§ Description of the task
Your copy should repeat each record exactly and contain none of the pictures.
═════ Records for the exercise ═════
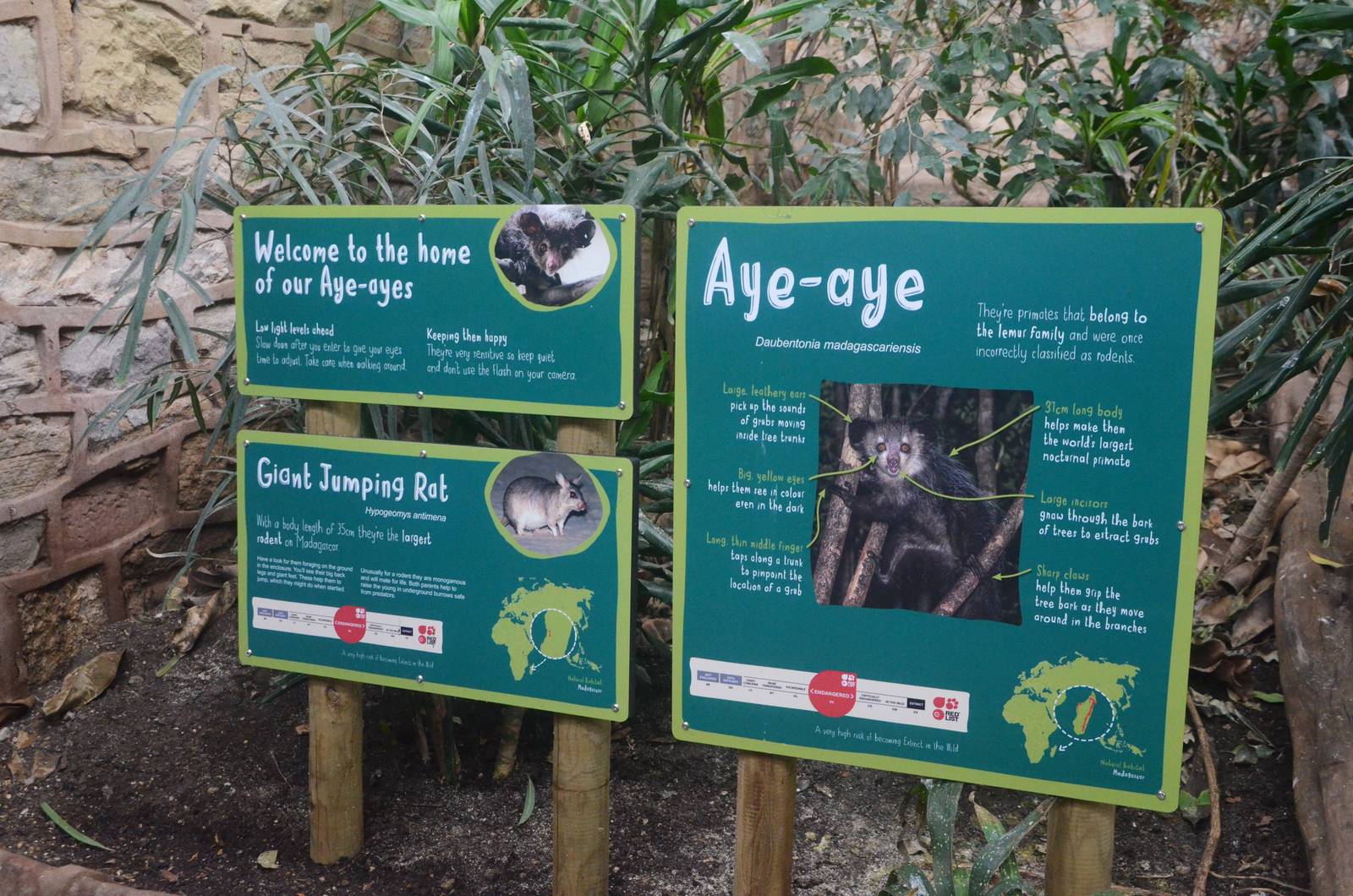 Aye-aye and Jumping Rat Signage at Chester, 09/03/16
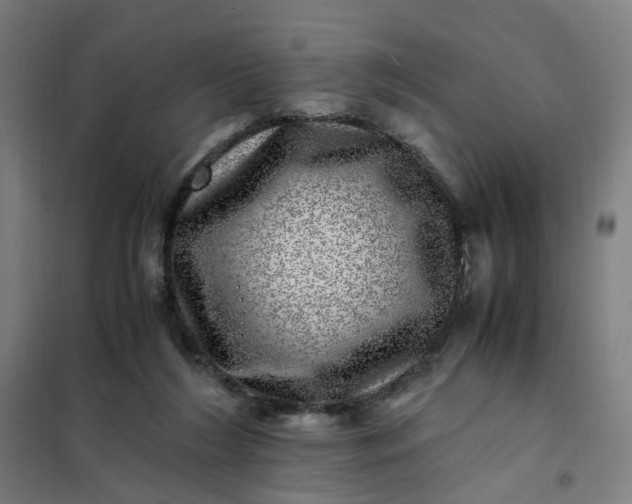 X0000101710212200807241503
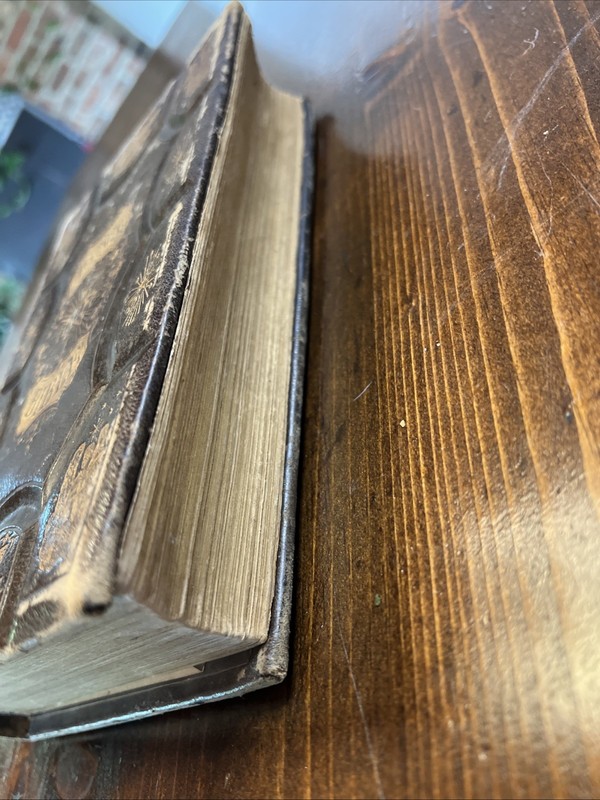 1870 Night Scenes In The Bible Illustrated Leather Gilded Edges by Rev. D. March gallery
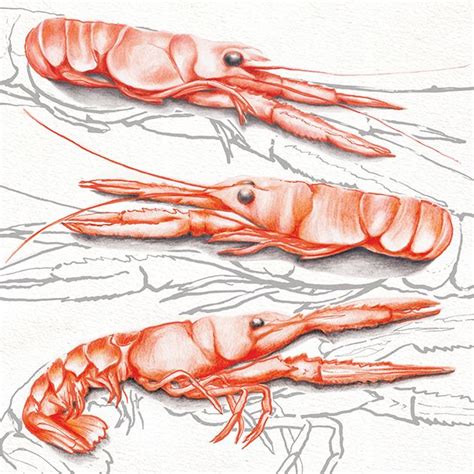 Food Illustration Langoustines On Behance Watercolor Food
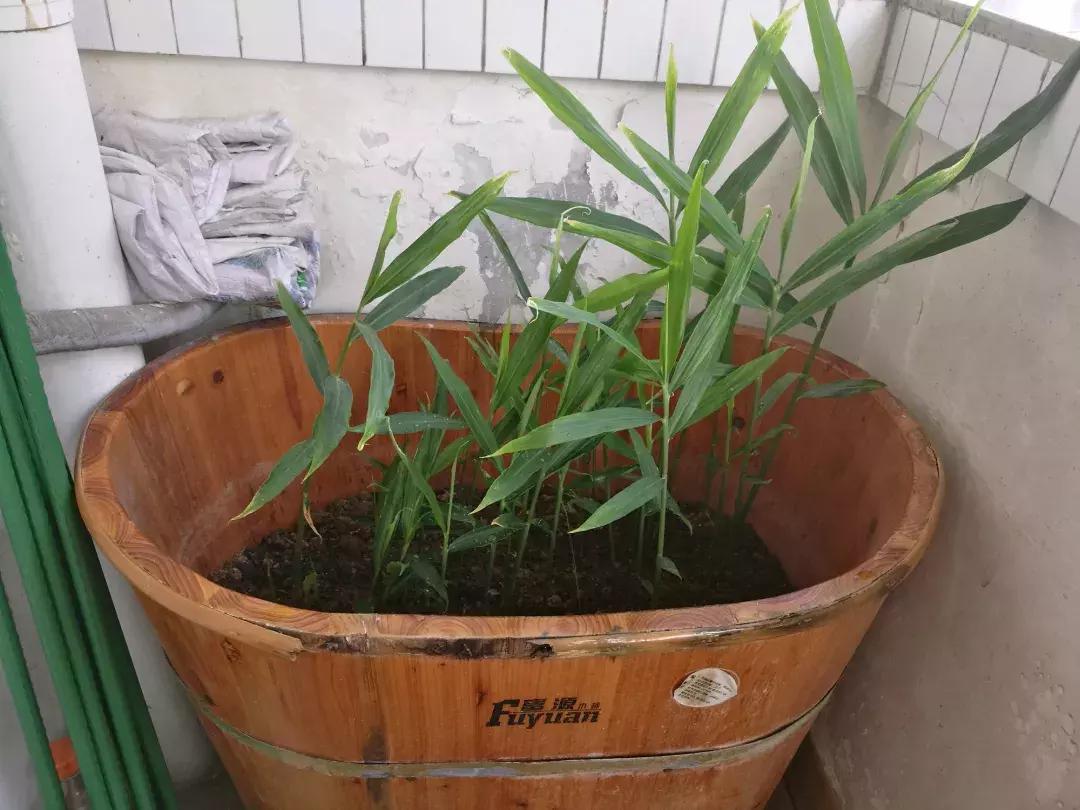 生姜入窖不到一月发芽怎么处理,生姜发芽了放土里面还能结果吗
═════
§ Your solution
 Aye-aye and Jumping Rat Signage at Chester, 09/03/16
 X0000101710212200807241503
 1870 Night Scenes In The Bible Illustrated Leather Gilded Edges by Rev. D. March gallery
 Food Illustration Langoustines On Behance Watercolor Food
 生姜入窖不到一月发芽怎么处理,生姜发芽了放土里面还能结果吗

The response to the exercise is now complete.